(Image-caption web data)
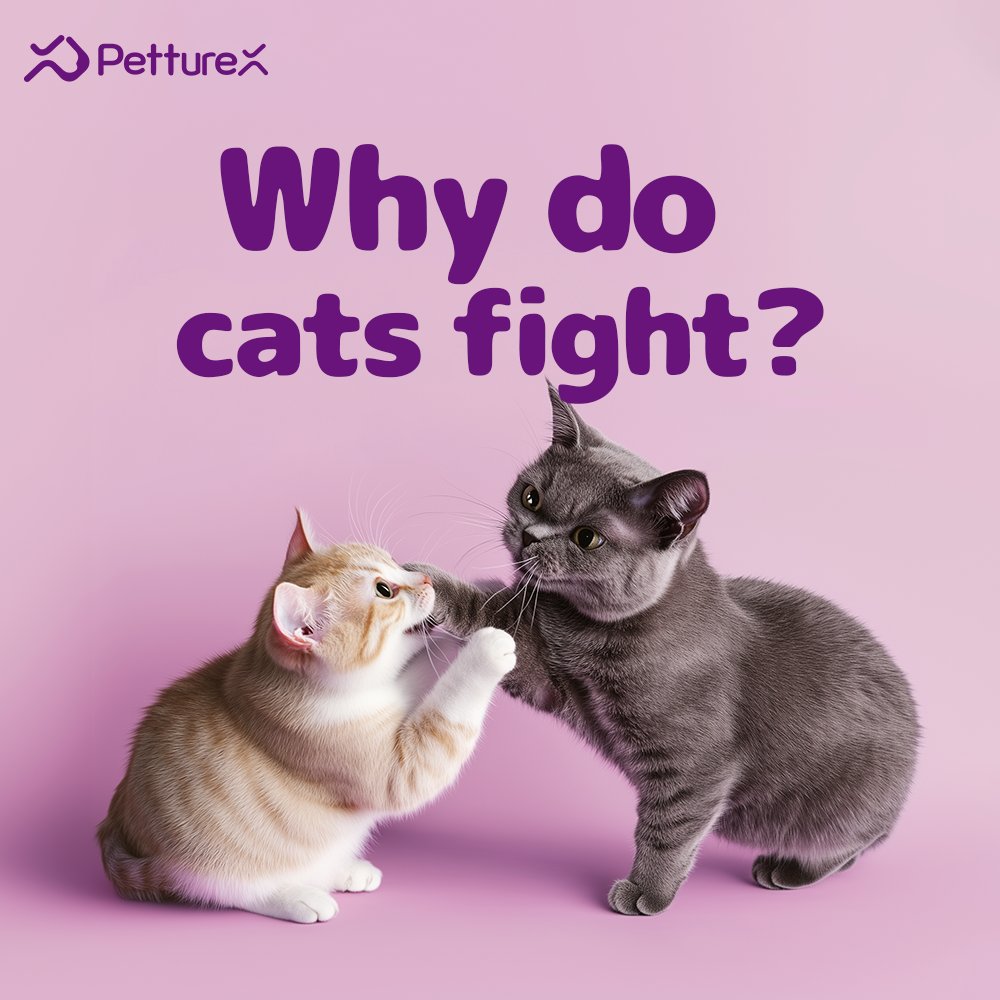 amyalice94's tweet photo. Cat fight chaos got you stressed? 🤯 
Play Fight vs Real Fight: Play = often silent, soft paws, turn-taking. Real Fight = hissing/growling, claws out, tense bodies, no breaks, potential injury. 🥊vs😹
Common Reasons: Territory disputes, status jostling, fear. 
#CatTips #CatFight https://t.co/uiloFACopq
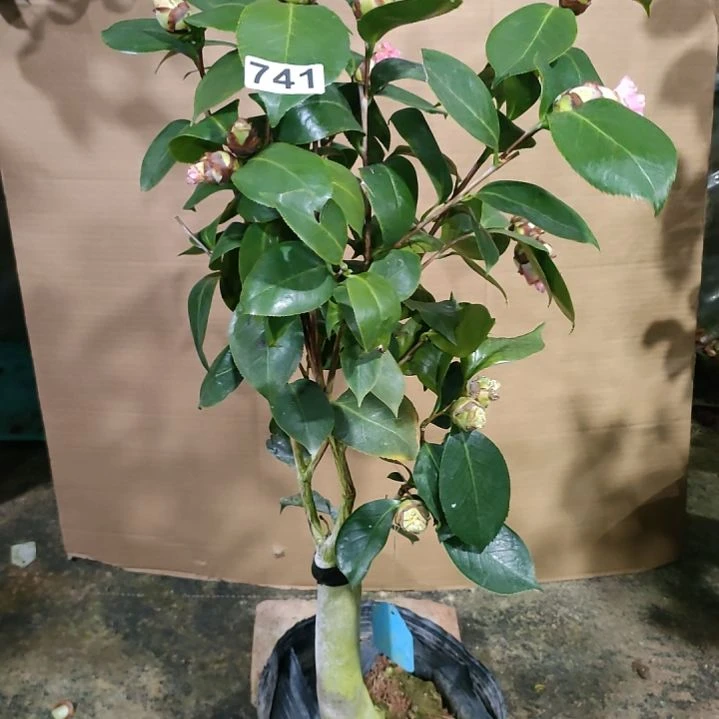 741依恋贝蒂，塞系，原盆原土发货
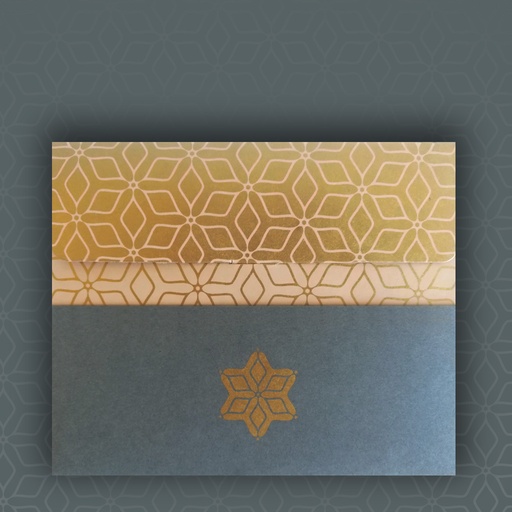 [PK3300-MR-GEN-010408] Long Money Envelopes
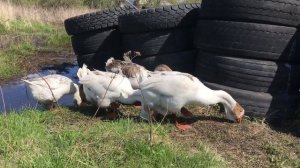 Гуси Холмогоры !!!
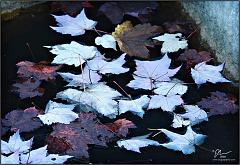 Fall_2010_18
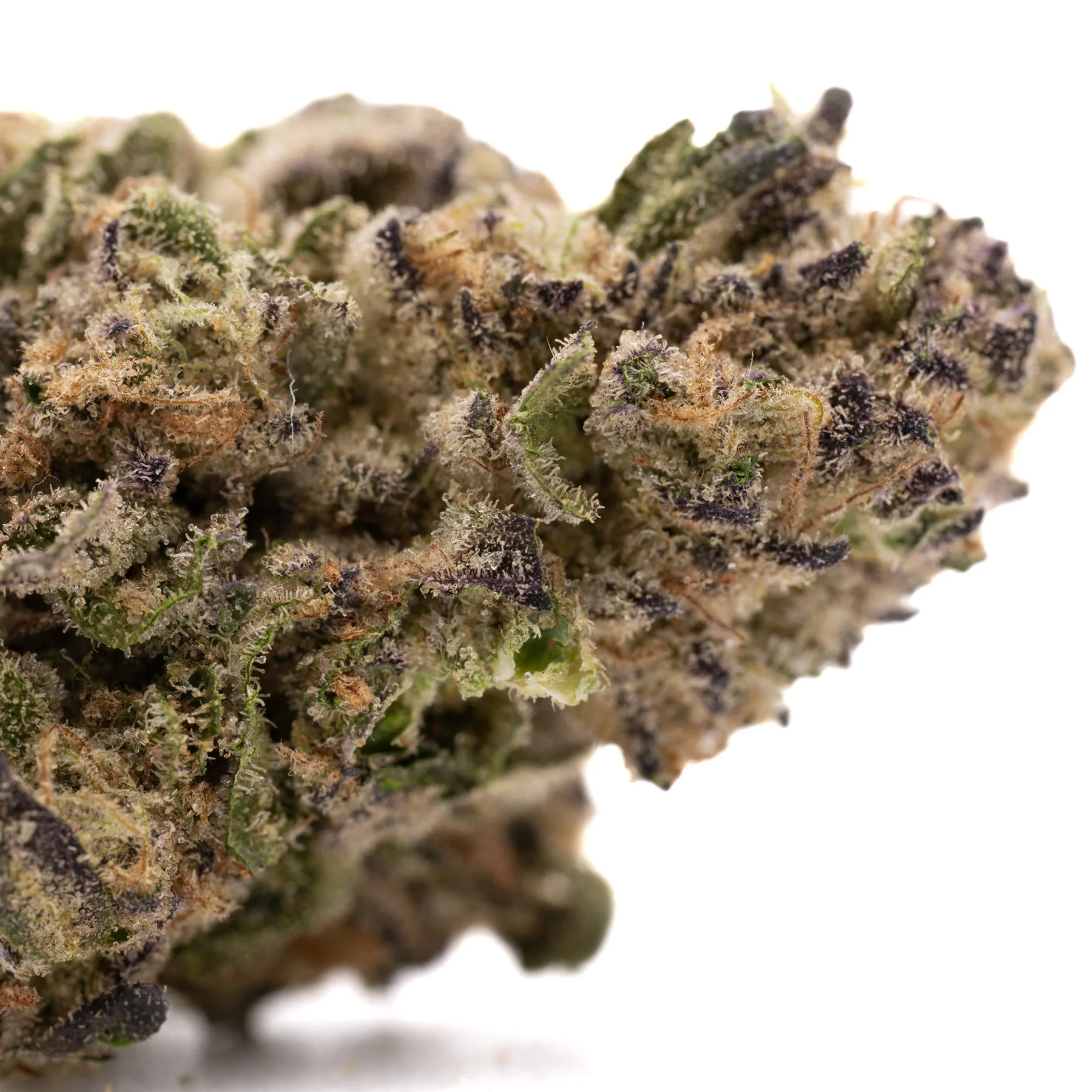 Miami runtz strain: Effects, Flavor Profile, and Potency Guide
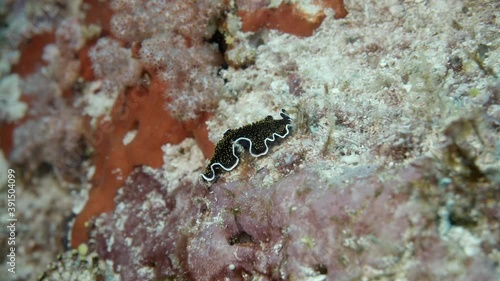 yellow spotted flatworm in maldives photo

--

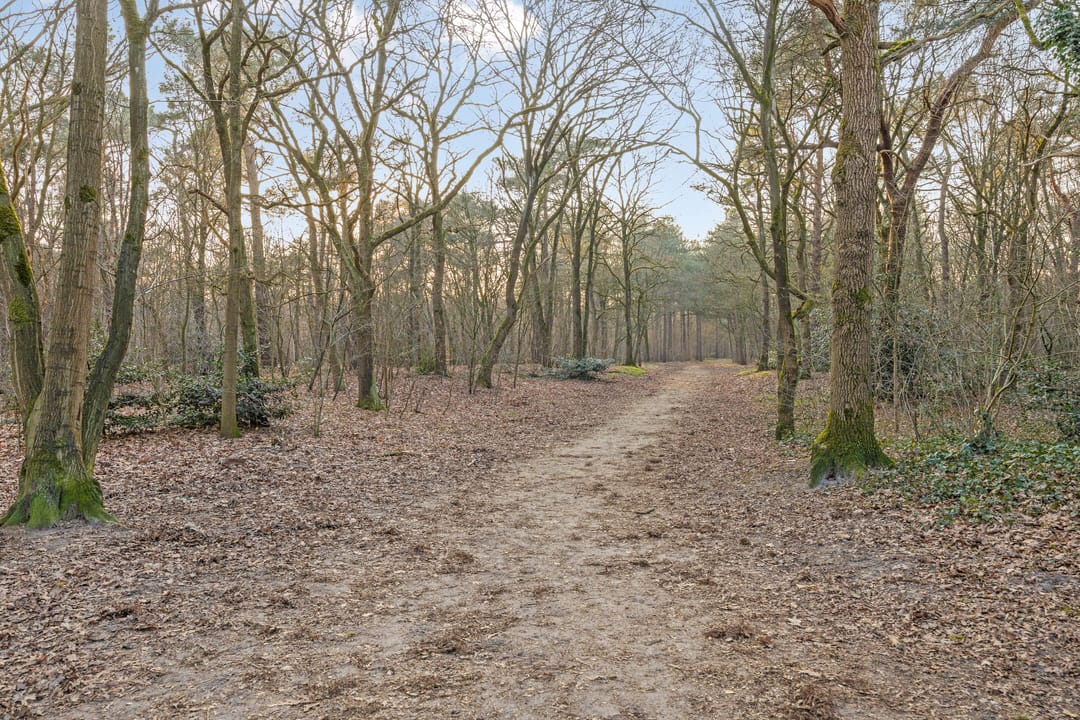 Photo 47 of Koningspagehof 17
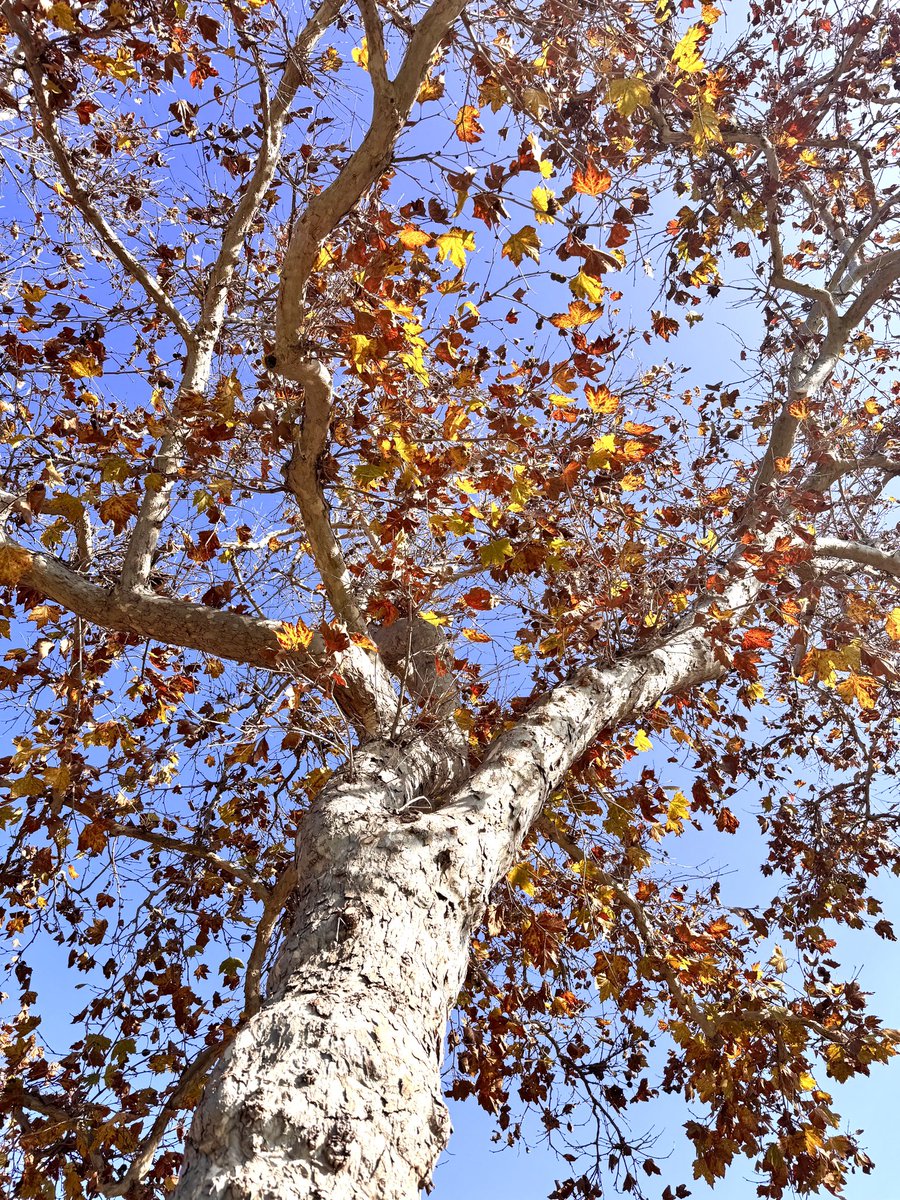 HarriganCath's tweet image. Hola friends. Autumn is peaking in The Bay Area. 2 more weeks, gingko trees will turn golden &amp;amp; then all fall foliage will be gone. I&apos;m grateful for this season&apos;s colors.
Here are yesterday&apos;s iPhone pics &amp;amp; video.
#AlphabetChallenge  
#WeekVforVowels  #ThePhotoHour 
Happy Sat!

Task to complete: Please output the lines above beginning at the line with "#CatTips #CatFight https://t.co/uiloFACopq" and ending after the line with "yellow spotted flatworm in maldives photo", precisely as written and with no pictures.

Output for this exercise:
#CatTips #CatFight https://t.co/uiloFACopq
 741依恋贝蒂，塞系，原盆原土发货
 [PK3300-MR-GEN-010408] Long Money Envelopes
 Гуси Холмогоры !!!
 Fall_2010_18
 Miami runtz strain: Effects, Flavor Profile, and Potency Guide
 yellow spotted flatworm in maldives photo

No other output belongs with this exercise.